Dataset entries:
........

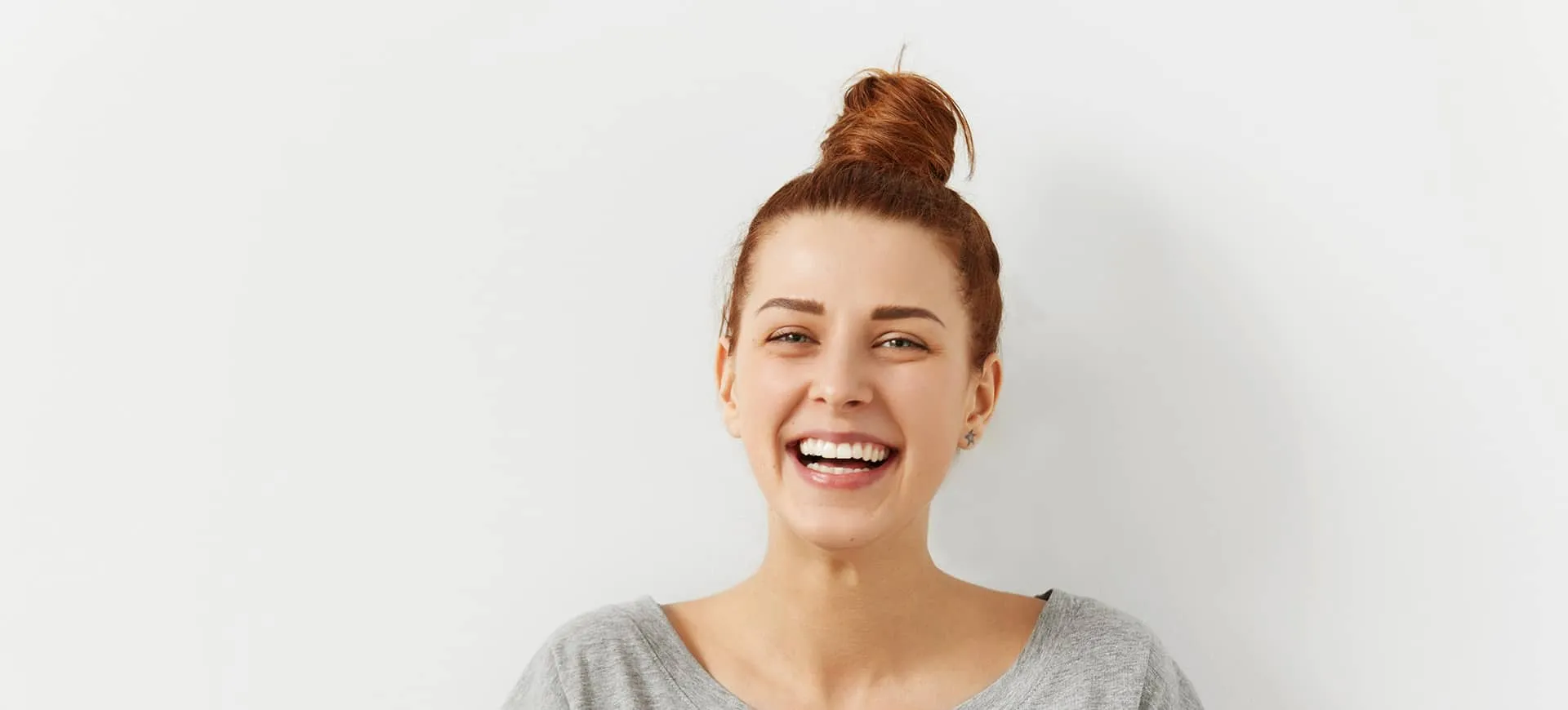 /img/25785-teeth-whitening-oral-hygiene.webp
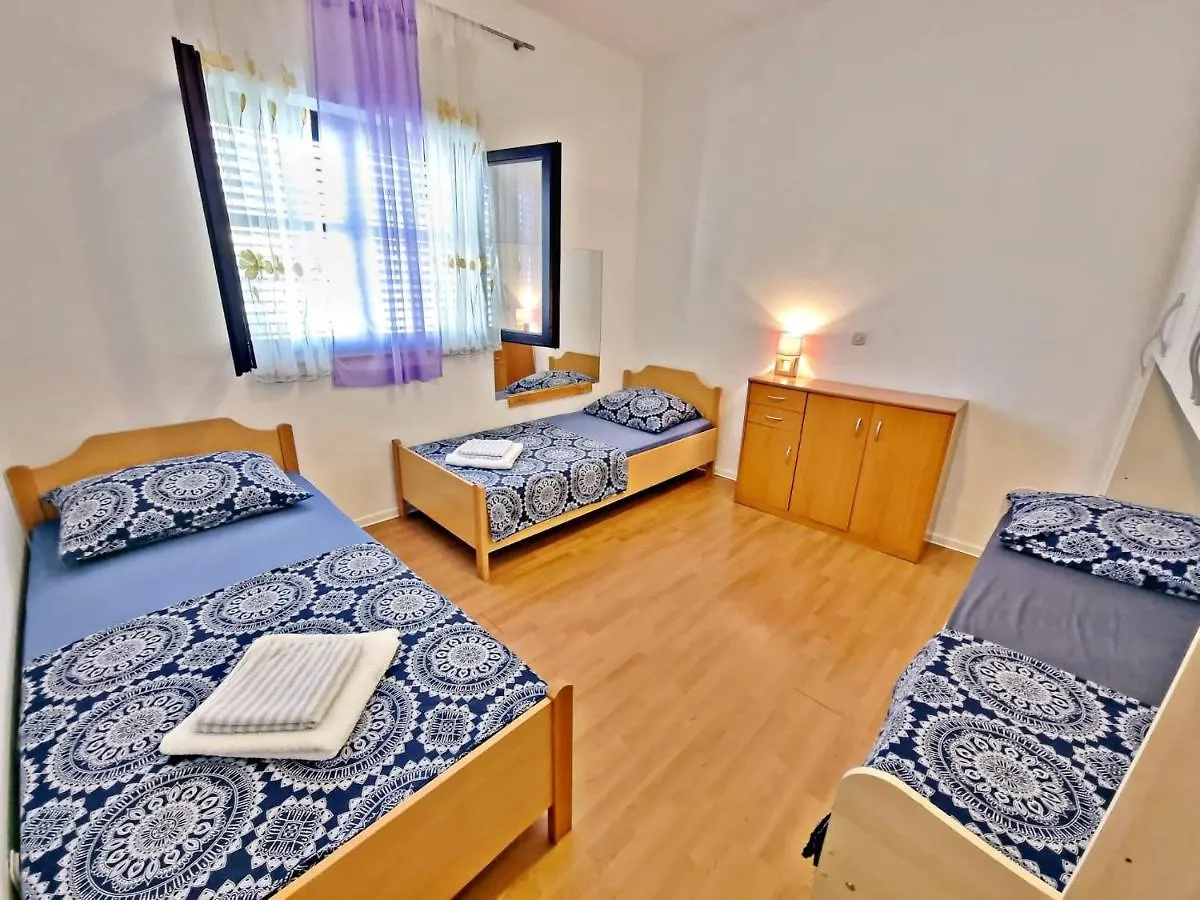 Apartment Apartman Irena With Terase End Private Parking Donji Okrug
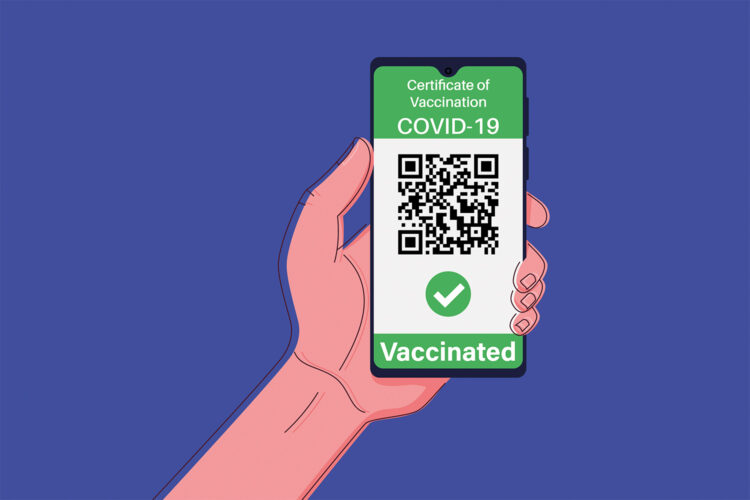 una mano sostiene un celular con el certificado digital COVID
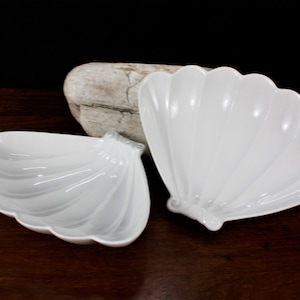 pair of white ceramic glazed seashell clam shell mid century made in california pottery serving dish trinket dish soap dish bowl catchall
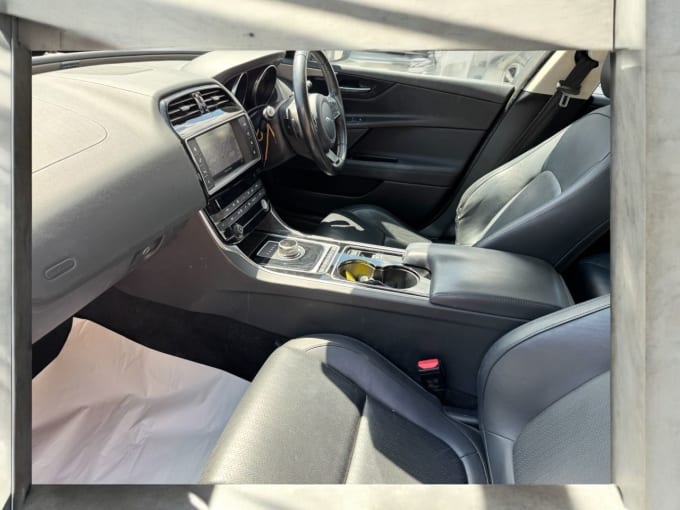 2025 Jaguar Xe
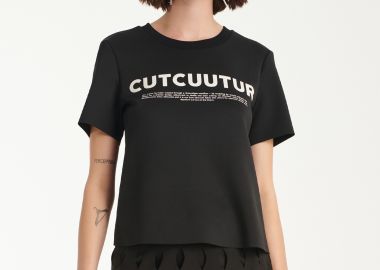Logo T-Shirt In Black - Cutcuutur - 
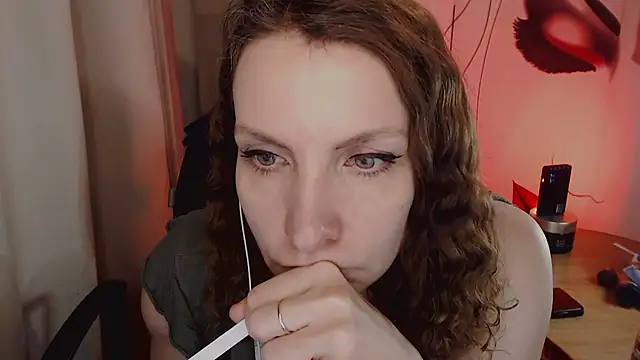 Snapshot of JohansonKatie chatting on January 2025 02:24:02 PM JohansonKatie online show from January 2025 02:24:02 PM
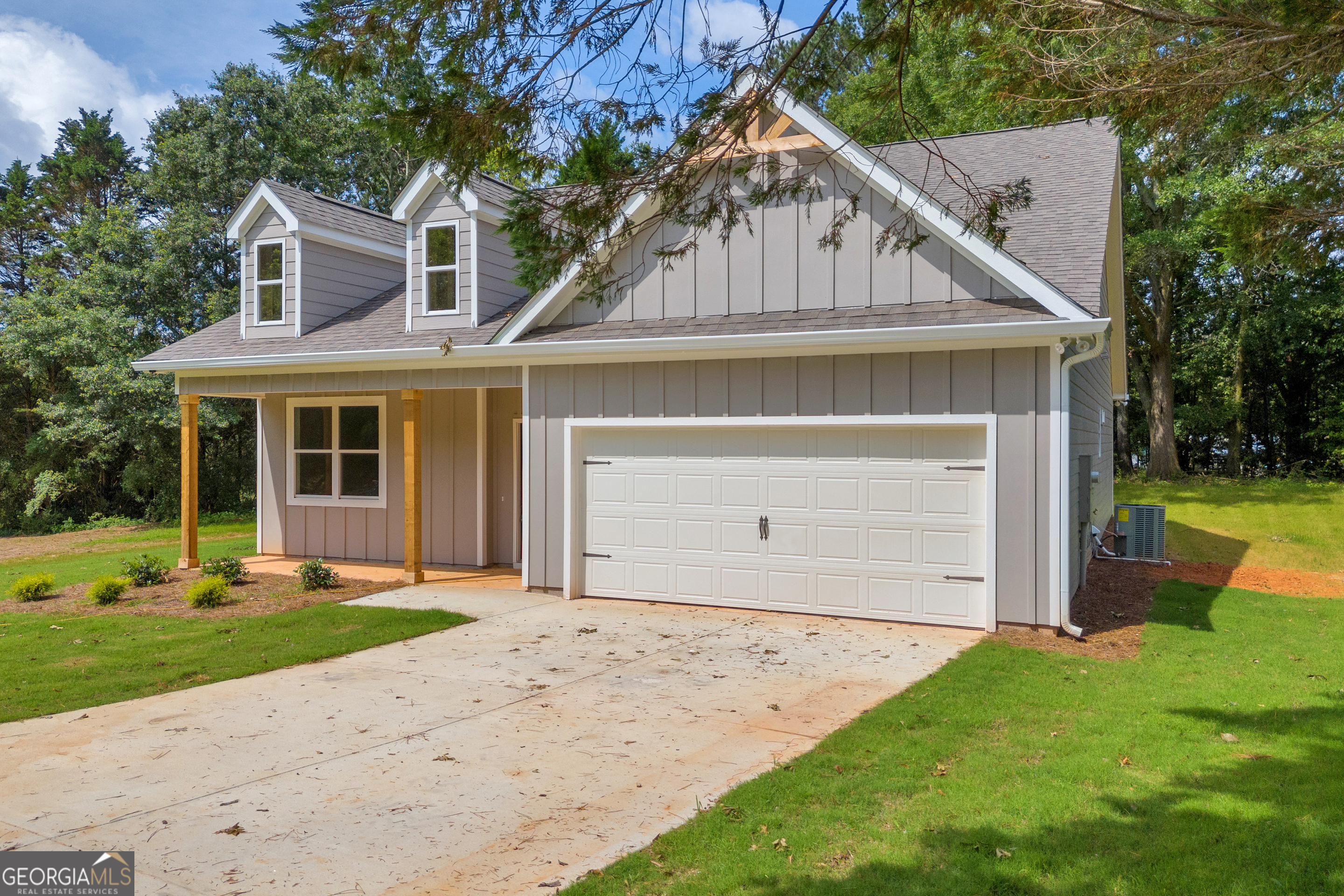 10 Deerfield LN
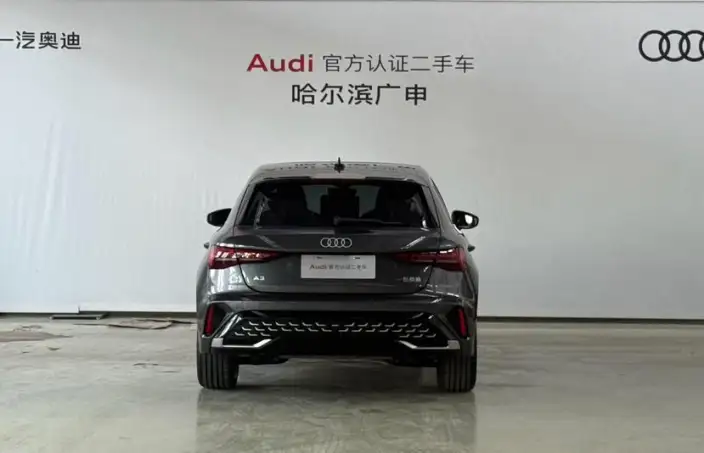Audi A3 2026 Model Sportback 35 TFSI Continental Flying Spur Exclusive Model – фото 3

........

What you give back should be exactly the lines from the top of the data above down to and including the line with "10 Deerfield LN", minus any pictures.

 /img/25785-teeth-whitening-oral-hygiene.webp
 Apartment Apartman Irena With Terase End Private Parking Donji Okrug
 una mano sostiene un celular con el certificado digital COVID
 pair of white ceramic glazed seashell clam shell mid century made in california pottery serving dish trinket dish soap dish bowl catchall
 2025 Jaguar Xe
Logo T-Shirt In Black - Cutcuutur - 
 Snapshot of JohansonKatie chatting on January 2025 02:24:02 PM JohansonKatie online show from January 2025 02:24:02 PM
 10 Deerfield LN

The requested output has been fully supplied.